A Ex.ma Magistrada recorrente, inconformada com essa decisão, alega que, no essencial, “atenta a factualidade dada como assente na sentença recorrida, não estão reunidos, na situação em apreço, os pressupostos para que a coima seja especialmente atenuada, nos termos do artigo 32.º n.º 2 do RGIT, cuja aplicação supõe culpa, ilicitude e necessidade de coima de forma acentuadamente reduzida - artigo 72.º n.º 1 do Código Penal” (conclusão 12.ª).
Vejamos.
De harmonia com a previsão normativa constante do n.º 2 do artigo 32.º do RGIT, ao abrigo da qual o segmento da decisão impugnada foi proferido, “a coima pode ser especialmente atenuada no caso do infractor reconhecer a sua responsabilidade e regularizar a sua situação tributária até à decisão do processo.”
Constata-se, deste modo, que a atenuação especial da coima exige a verificação cumulativa de dois pressupostos, a saber: o reconhecimento da sua responsabilidade por parte do infractor e a regularização da situação tributária até à decisão do processo.
Ora, acontece que no caso “sub judicio”, se é inquestionável que se verifica o segundo dos aludidos pressupostos (5. do probatório), em parte alguma da matéria de facto assente com interesse para a decisão de mérito se pode concluir que a recorrida infractora tenha reconhecido a sua responsabilidade.
Bem pelo contrário, na decisão sob recurso dá-se conta que “ a arguida não provou o facto de ter sido o seu Técnico Oficial de Contas que deixou de fazer o pagamento atempado do imposto em falta, aliás nem o procurou fazer, pois nunca arrolou testemunhas ou qualquer outra prova atendível” (v. fls. 147).
Tal asserção permite concluir que, ao invés de assumir a sua responsabilidade pela infracção tributária em causa, a ora recorrida socorreu-se na sua opção de defesa da alegação de factos que por alguma forma a desresponsabilizassem da omissão ocorrida.
Tem, pois, razão a Magistrada recorrente quando defende que não se verificam os pressupostos para que a coima tivesse sido especialmente atenuada.
Sendo assim, a decisão recorrida não pode manter-se na parte em que atenuou especialmente a coima a aplicar à ora recorrida, sendo certo que se apresenta como justa e adequada à gravidade da infracção verificada e circunstâncias envolventes a coima no montante de € 6.100,00 aplicada à recorrida pelo Chefe do Serviço de Finanças Loures 1 (fls. 43).

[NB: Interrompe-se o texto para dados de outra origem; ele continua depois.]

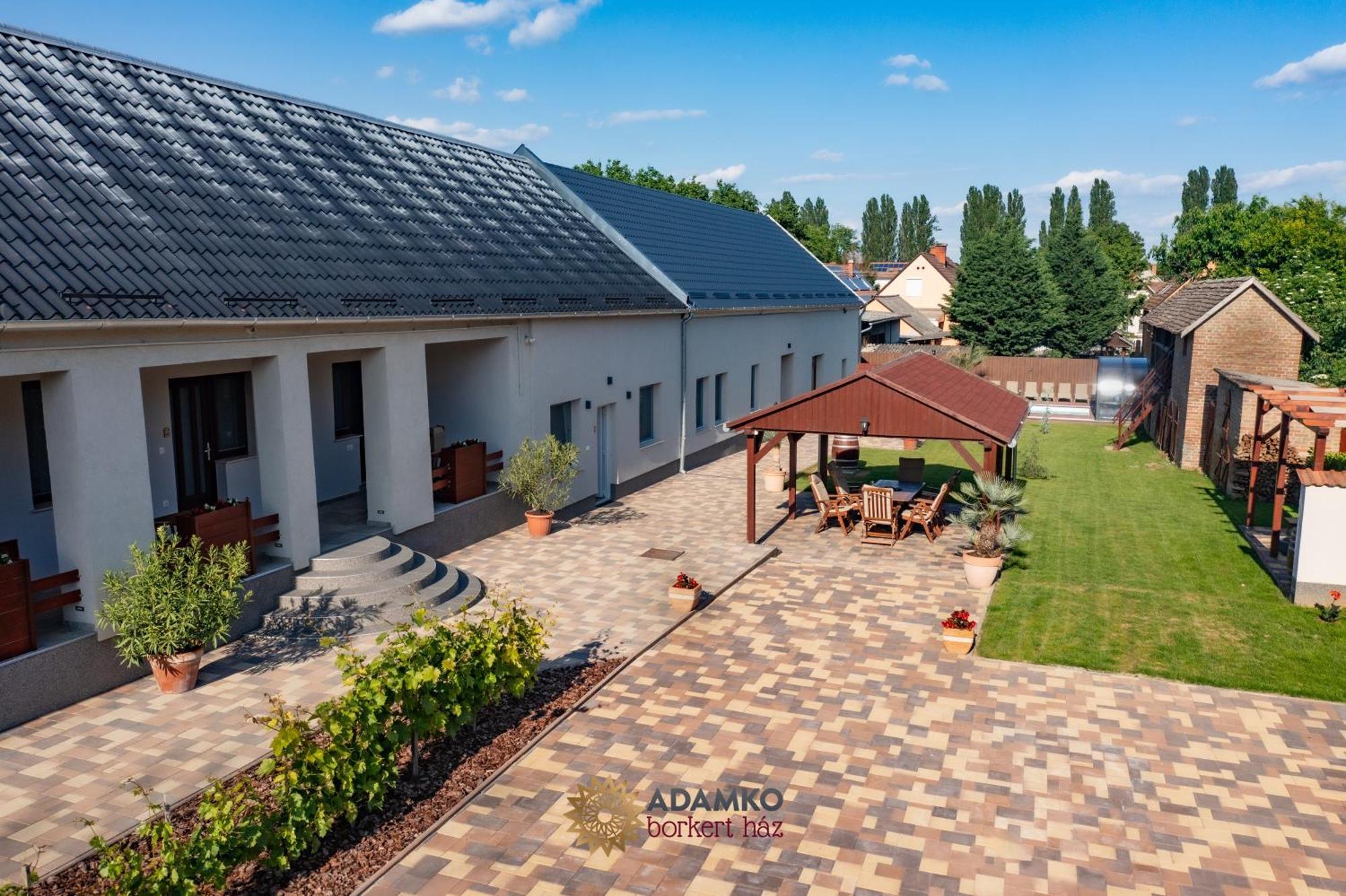 Bed and Breakfast Adamko Borkert Haz Виллань Экстерьер фото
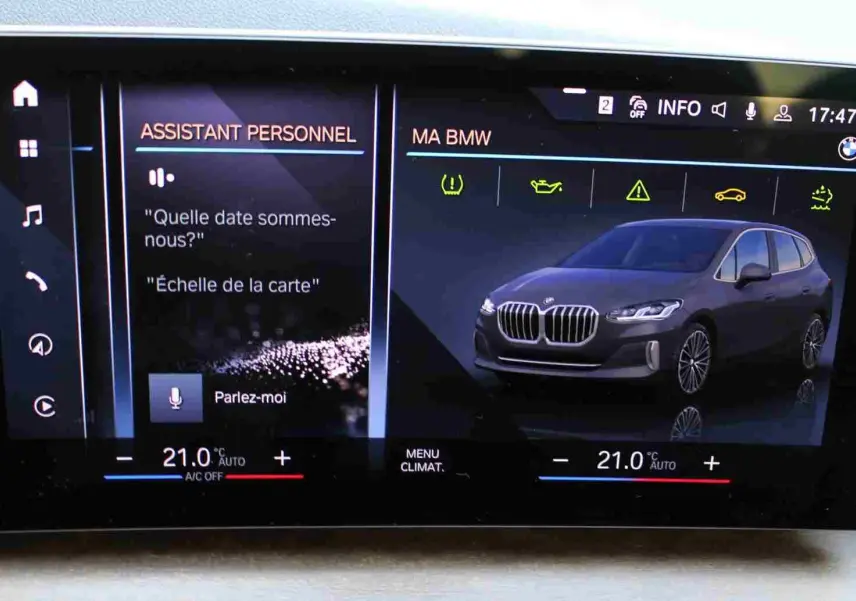Écran central affichant l'assistant personnel et une image 3/4 avant de la BMW Série 2 Active Tourer gris Nardo métal.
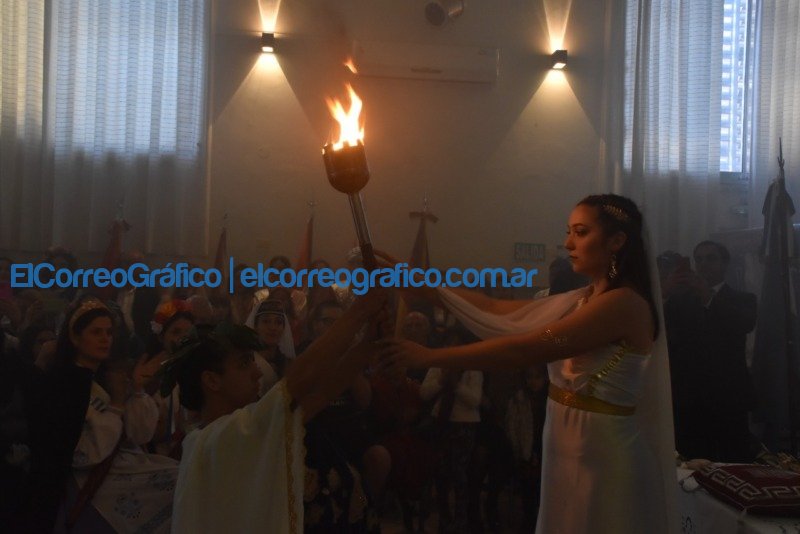 Comenzo la 45° Fiesta Provincial del Inmigrante en Berisso 3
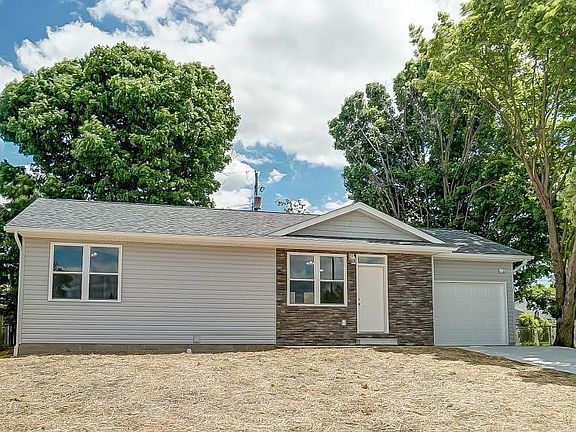 2nd image of 212 Sherwood Dr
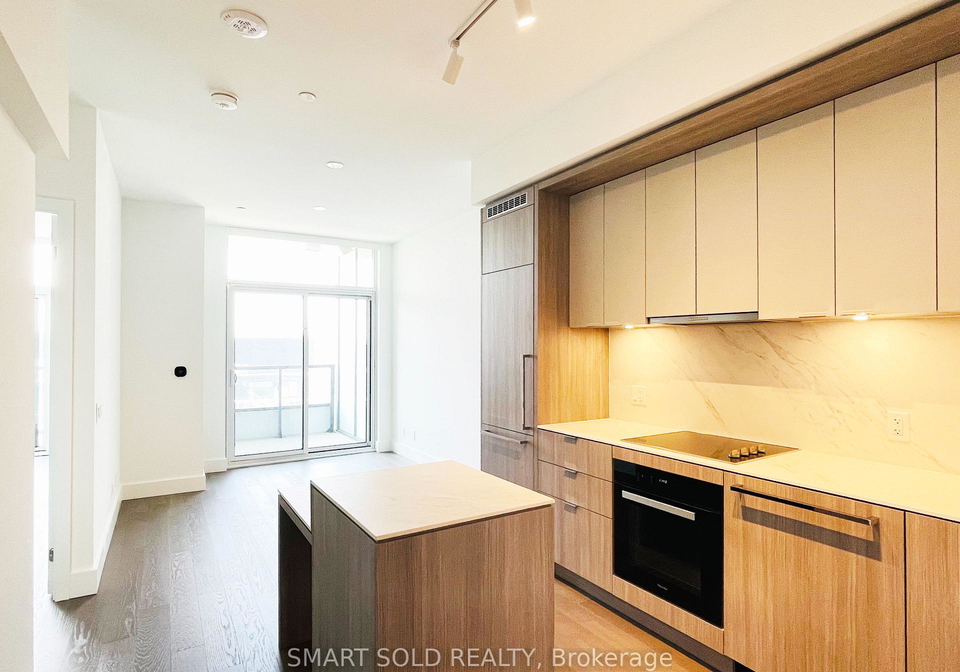 6-greenbriar-road-toronto-north-york-ontario-c13569362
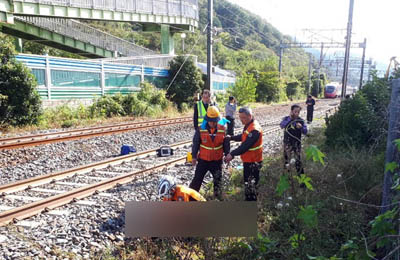 22일 오전 10시 14분께 밀양역에서 선로작업 노동자들 열차에 치이는 사고가 발생해 소방대원들이 구조작업을 펼치고 있다.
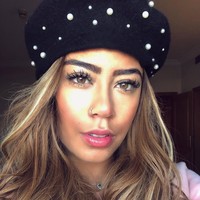  Rafaella kerap kali membagikan keseharian dirinya seperti berlibur, berkumpul bersama teman dan keluarga, hingga potret selfienya. Foto: Instagram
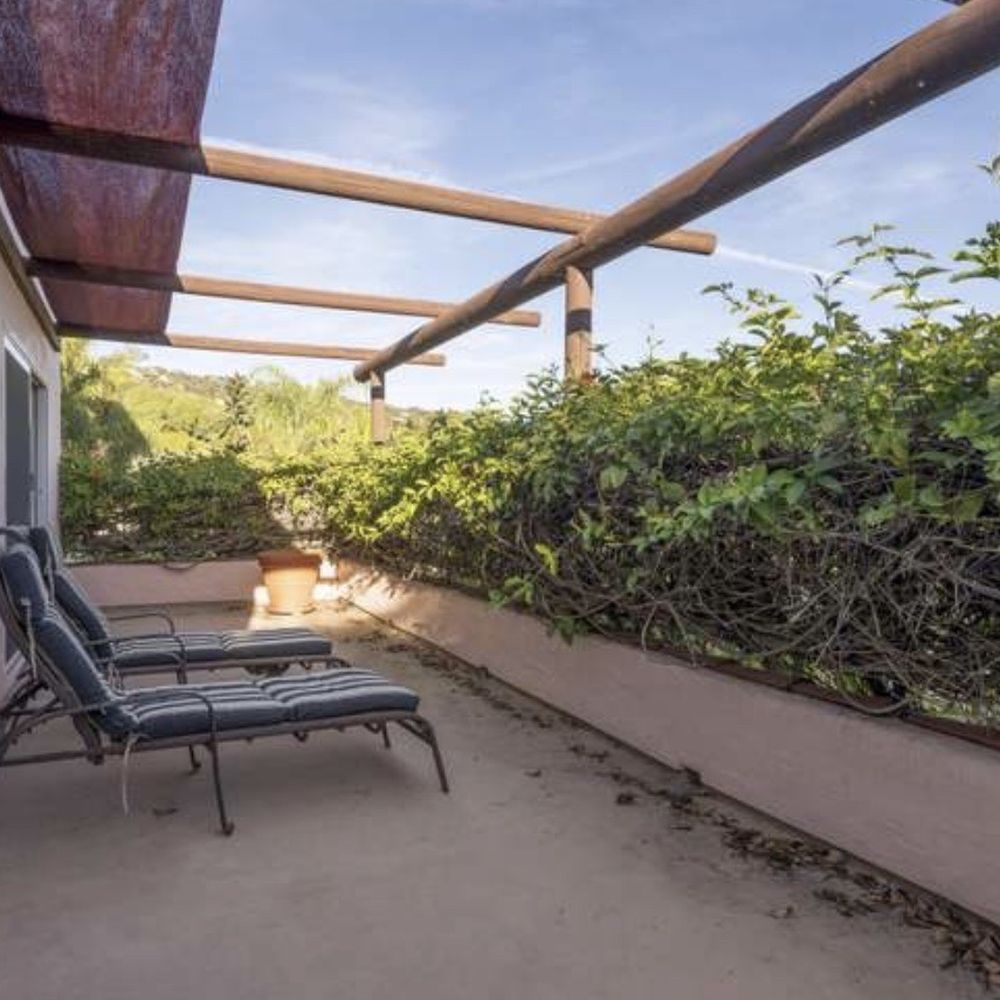 Daniel Allen Construction - Balcony before - General Contractors Near Me - Santa Barbara, California Daniel Allen Construction - Balcony before - General Contractors Near Me - Santa Barbara, California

Termos em que se acorda conceder provimento ao recurso, revogando-se o despacho recorrido no segmento que vem impugnado e em consequência do que se nega provimento ao recurso interposto da decisão administrativa de aplicação da coima de € 6.1000.
Sem custas neste STA, ficando as custas na instância a cargo da ora recorrida, fixando-se a procuradoria em 1/6.
Lisboa, 2 de Julho de 2008. – Miranda de Pacheco (relator) – Brandão de Pinho – António Calhau.